Volgens belanghebbende is sprake van een schending van het gelijkheidsbeginsel, in die zin dat personen met een LAT-relatie, die in fiscale zin worden aangemerkt als partner, worden achtergesteld ten opzichte van personen met een LAT-relatie die in fiscale zin niet worden aangemerkt als partner.

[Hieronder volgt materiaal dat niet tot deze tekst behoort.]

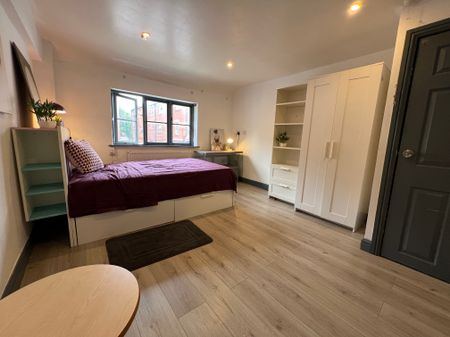 Big Ensuite Rooms In Prime Location - Coventry City Centre - Photo 2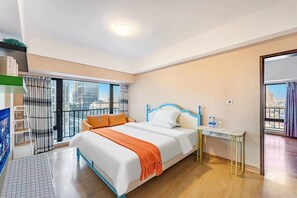 Laptop workspace, free WiFi - Shengmei Ya International Apartment  (Guangzhou)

Naar het oordeel van de rechtbank is geen sprake van een schending van het gelijkheidsbeginsel. Personen met een LAT-relatie die worden aangemerkt als elkaars fiscale partner, omdat zij – zoals belanghebbende en haar partner – een geregistreerd partnerschap zijn aangegaan, zijn juridisch niet gelijk aan personen met een LAT-relatie die geen geregistreerd partnerschap zijn aangegaan. Het aangaan van een geregistreerd partnerschap heeft immers civielrechtelijke consequenties die het hebben van enkel een LAT-relatie niet heeft. Er is dus sprake van ongelijke gevallen en die mogen dan ook fiscaal verschillend worden behandeld.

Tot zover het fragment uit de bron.